You need this to truly enjoy Dark Souls (in my opinion), as the main story of the game is very little if you take it at face value. If you have played the other DS games and really enjoyed them the same way, then there is so much more interesting stuff to learn and discover as you explore the world around you.
Veteran plays will enjoy the nods to DS1, as DS3 is heavily involved with it. Some characters are complete homages to others, where as others make an appearance.

A good sequel jumps off the original, where as a bad sequel wallows in it. I can understand how the nods to the original might seem like this to old school DS players, but I think that it is unique enough to stand on its own two feet and such you into to the rich story that is hidden beneath its depths.

One last point I would like to make is that the game is stunning. The scenery is brilliant (if not a little heavy on the Cathedral side of things), and there were moments where you do simply look out onto it. At times you may do this to try and work out how to traverse the map, as it can be troublesome and there are hidden routes, hidden items, secret doors, and shortcut, scattered all around each of the areas (nothing new to DS games), but it sometimes the background will catch you and you will find yourself staring out to it.
One uniquely fantastic thing about DS3 is that the entire game takes place over a closely packed out area. Whilst each single location feels big enough and doesn’t seem packed, from a high height and staring out over the landscape, you can actually trace your journey and see locations that you have previously visited, or will visit in the near future.
If you stand on the Low Wall of Lothric, then you can see the Undead Settlement, along with the church where the Great-Rotten Cursewood tree lies, the Crucifixion woods, Farron Keep, The Cathedral of the Deep, and a glimmer of Irithyll. Whilst in Anor Londo, you can see the rest of it from the other side of the mountain, and it is just a nice thing to stand there and trace your journey, as it is a long and hard one, met with dying countless times and seemingly impossible, but if you push yourself, learn from your mistakes, and just try and try again, you will become victorious and feel fantastic for finally taking down that boss that you have spent so long struggling against it.

Overall I think that Dark Souls 3 is one of my favourite games. It has gone right up there against some of the greatest games I have played, such as Silent Hill 2, Shadow of the Colossus, and The Prince of Persia: Sands of Time. Whilst I do love the original, having not played it myself is kind of why it is not as high as this one, but I may get the remaster and rock that out over the summer.
I still have one of the Dark Souls 3 DLCs to do; The Ringed City, which is suppose to be the closer for the series, and I am interested in how I face in that, but for now my time with Dark Souls 3 has come to an end (since I am currently now playing Kingdom Come: Deliverance)… however, I can feel the call from time to time, so I do not think it will be long before I venture forth to the Ringed City to face the final evil that awaits there.

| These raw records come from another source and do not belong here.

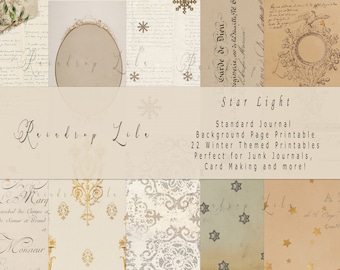 StarLight Standard Journal Background Printable - Vintage Journal Printable Collection - Raindrop Lila ART Digital Download - Antique Papers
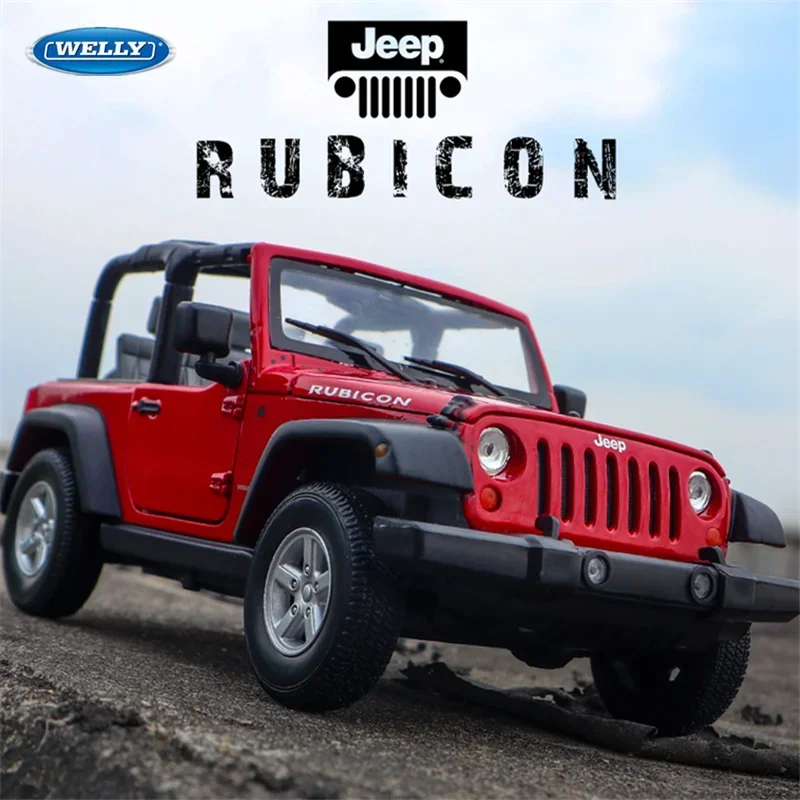 

WELLY 1:24 2007 Jeep Wrangler Rubicon Alloy Car Model Diecast & Toy Metal Off-road Vehicles Car Model High Simulation Gift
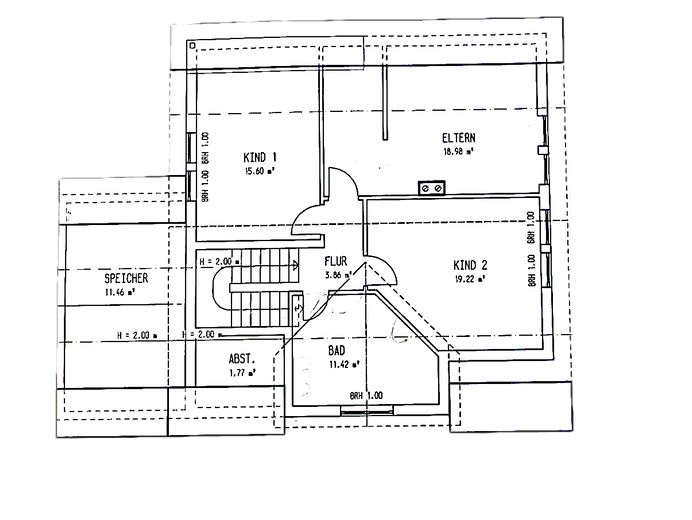 OG mit 3 Schlafzimmern und Bad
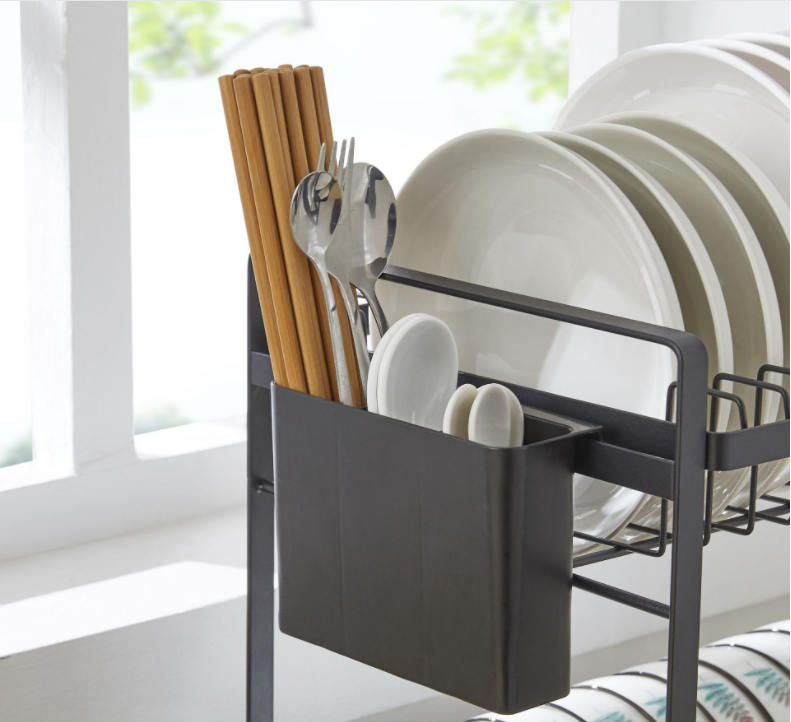 2 Layers Removable L38.5cm Steel Kitchen Basket Rack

If you are scared of playing it, or believe that you do not have the time to keep dying over and over again, do not worry. These games are not as impossible as people have made out. You WILL die… you need to accept that, but if you learn from it, and adapt to what you are facing, then you will have an amazing time with this game.
Dark Souls 3 is easier for newcomers, but it still poses a challenge for veteran players.

The series is one of my newly discovered things and at the time of writing, I am obsessed with it. I have become sucked into this amazingly harsh and story rich world, and I kind of do not want to lose this.
It is rejuvenated my love of video games once again in a time of mundane repetitiveness, and I cannot thank it enough for doing so.